The thirteen-part series premiered on 2 March 2009, on the CITV channel. Initially, it was broadcast three times a day, every weekday at 12:15, 15:20, and 17:45.

In January 2009, ITV announced additional elements to accompany the series, including the Bookaboo Book Club online, live events, and in-store promotions. The show received the Preschool Live Action BAFTA at the 2009 British Academy Children's Awards. A second series, which introduces Bookaboo's bandmates, Growler and Paws, began airing on 1 November 2010, on both the CITV digital channel and ITV.

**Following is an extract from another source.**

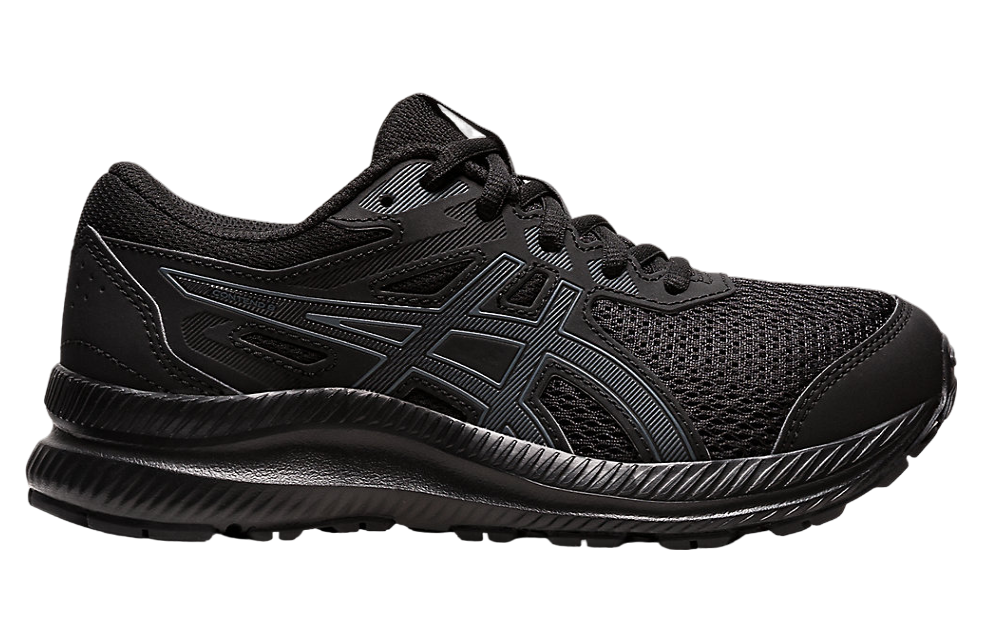 Asics Contend 8 GS Black / Carrier Grey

==Awards and nominations==
The first series of Bookaboo received the Children's BAFTA Award for 'Best Pre-School Live Action' programme in 2009. The second series also won the same award in 2011. In 2009, Lucy Goodman and Ian Emes were nominated for an RTS award. Bookaboo went on to win the 2010 Broadcast Award for Best Children's Programme and the 2010 International Prix Jeunesse Award in Munich. In 2012, Bookaboo was honored with a British Animation Award in the mixed media category and was a finalist in the Children's Choice category. In 2017, Bookaboo was nominated for five Daytime Emmy Awards and received the Parent's Choice Silver Honour Award.